The first sign that a Terraform state has outgrown itself is rarely an error. It is the silence after you type `terraform plan` and go make coffee. We inherited a state on S3 with roughly 1,400 resources in it, and a clean plan took 38 minutes because every refresh hit every API. The team had stopped running plans before merging. That is the real cost: people route around slow tooling, and then drift shows up in production.
Remote state is table stakes, locking is the actual point
Everyone moves state off the laptop eventually. The part people underinvest in is locking. We have walked into two engagements this year where two pipelines could run apply against the same state at once because the DynamoDB lock table was never created, or had been deleted during a cost cleanup. Both had corrupted state at least once. With the newer S3 backend you no longer need a separate table - native S3 locking via a `.tflock` object covers it - but you have to opt in, and most older configs still point at DynamoDB.
terraform {
backend "s3" {
bucket = "veritech-tfstate-prod"
key = "network/terraform.tfstate"
region = "eu-west-1"
use_lockfile = true
encrypt = true
}
}Splitting state by blast radius, not by team org chart
The instinct is to split state along team lines. That feels tidy and is usually wrong. We split along blast radius: what is the worst thing that happens if this state is corrupted or this apply goes sideways at 2am? Networking, IAM, and DNS go in their own small, rarely-changing states. The application layer that ships ten times a day gets its own. The rule we use: if two resource groups have wildly different change frequencies, they do not belong in the same state.

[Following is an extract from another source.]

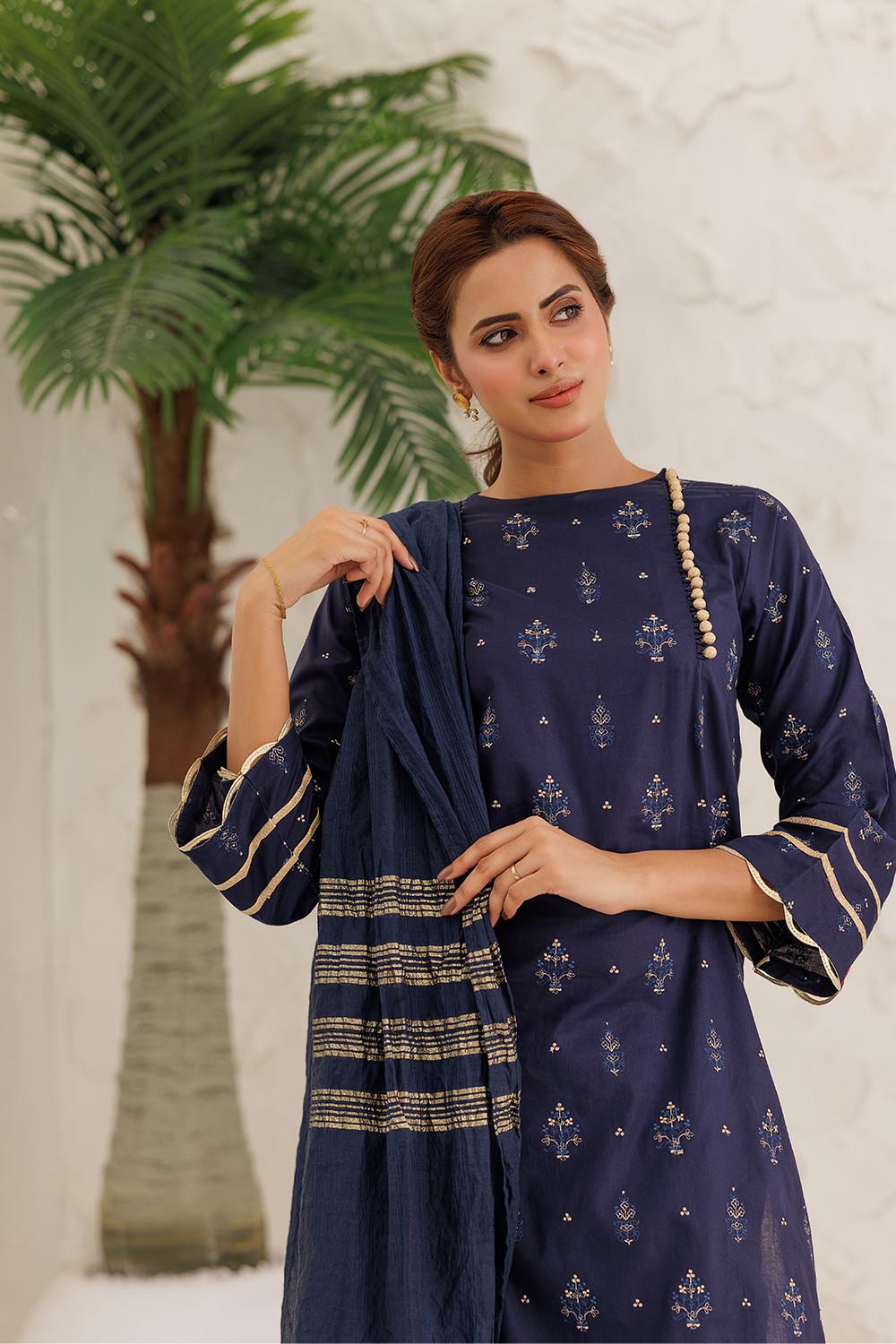 blue and gold casual dress Maya Blue And Gold Front-slit Dress 2XL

- Foundation (accounts, IAM, org policy) - changes monthly, blast radius enormous
- Network (VPCs, transit gateway, DNS zones) - changes weekly, blast radius high
- Platform (clusters, databases, shared queues) - changes weekly
- Application (services, autoscaling, app config) - changes many times a day, blast radius local
Split state by what hurts when it breaks, not by who owns the Jira board.
Reading across states without coupling them
Once you split, the next trap is `terraform_remote_state` data sources everywhere, which quietly recouples your states into one big graph. We allow exactly one direction of dependency - lower layers expose outputs, higher layers read them - and we prefer publishing a handful of values to SSM Parameter Store or a data source lookup over `remote_state` when the consumer is in a different account. It is a little more boilerplate and a lot less foot-gun.
On the migration itself: `terraform state mv` works but is slow and error-prone across hundreds of resources. For the 1,400-resource monolith we scripted the moves, ran them against a copy of the state first, and kept the old state read-only for two weeks before deleting it. Nobody enjoyed it, but plans dropped from 38 minutes to under 90 seconds per layer, and people started reviewing plans again.